题目地址
看到这题目就不想做了系列,出题人是不是都不知道杜教筛是什么东西啊,他家杜教筛可以预处理优化到\(O(n^\frac{2}{3})\)
先吓唬你一下,我们要求:
\[\sum_{i=1}^n\sum_{j=1}^m\sum_{k=1}^p\gcd(i\cdot j,i\cdot k,j\cdot k)\times \gcd(i,j,k)\times \left(\frac{\gcd(i,j)}{\gcd(i,k)\times \gcd(j,k)}+\frac{\gcd(i,k)}{\gcd(i,j)\times \gcd(j,k)}+\frac{\gcd(j,k)}{\gcd(i,j)\times \gcd(i,k)}\right)\]

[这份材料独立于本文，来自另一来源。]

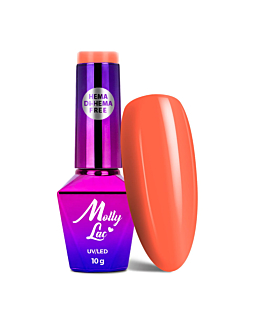 MollyLac Power Flower Lakier Hybrydowy UV LED Nr 721 Orange Velvet 10 g
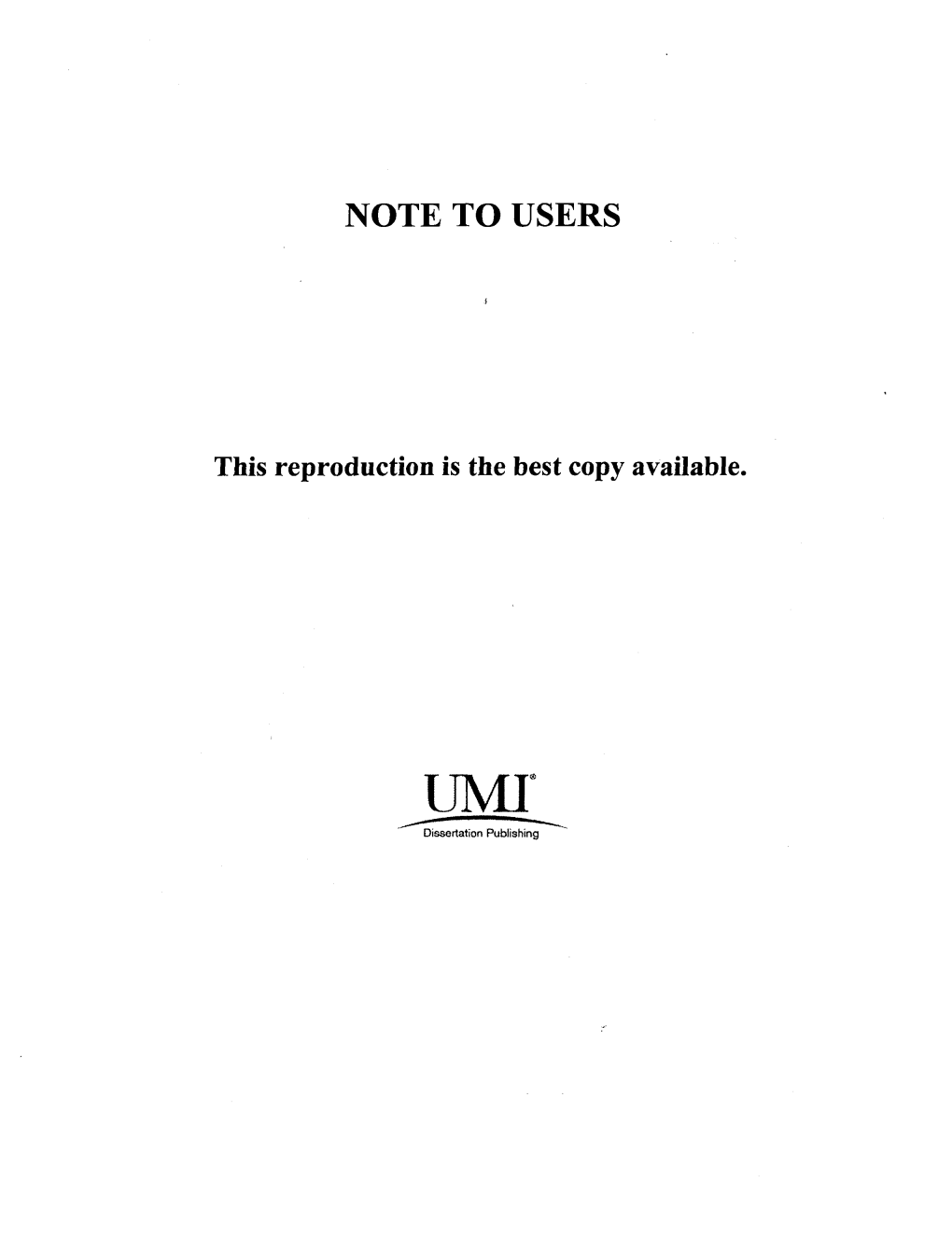 UMI Dissertation Publishing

我们令\(x = gcd(i, j), y = gcd(i, k), z = gcd(j, k)\)
于是我们有:
\[\sum_{i=1}^n\sum_{j=1}^m\sum_{k=1}^p\gcd(i\cdot j,i\cdot k,j\cdot k)\times \gcd(i,j,k)\times \left(\frac{x}{y\times z}+\frac{y}{x\times z}+\frac{z}{x\times y}\right)\]
\[\sum_{i=1}^n\sum_{j=1}^m\sum_{k=1}^p\gcd(i\cdot j,i\cdot k,j\cdot k)\times \gcd(i,j,k) \times \frac{x ^ 2 + y ^ 2 + z ^ 2}{x \times y \times z}\]
展开第一陀恶心人的柿子,可以得到:
\[gcd(i\cdot j,i\cdot k,j\cdot k) = \frac{x \times y\times z}{gcd(i, j, k)}\]
(证明可以通过唯一分解定理展开)
于是我们惊喜地发现,我们只需要求\((\)还原\(x, y, z)\):
\[\sum_{i=1}^n\sum_{j=1}^m\sum_{k=1}^p gcd(i, j)^2 +gcd(j, k) ^ 2 + gcd(i, k) ^ 2\]
我们把柿子分开写,得到:
\[\sum_{i=1}^n\sum_{j=1}^m\sum_{k=1}^p gcd(i, j)^2+\sum_{i=1}^n\sum_{j=1}^m\sum_{k=1}^pgcd(j, k) ^ 2 +\sum_{i=1}^n\sum_{j=1}^m\sum_{k=1}^p gcd(i, k) ^ 2\]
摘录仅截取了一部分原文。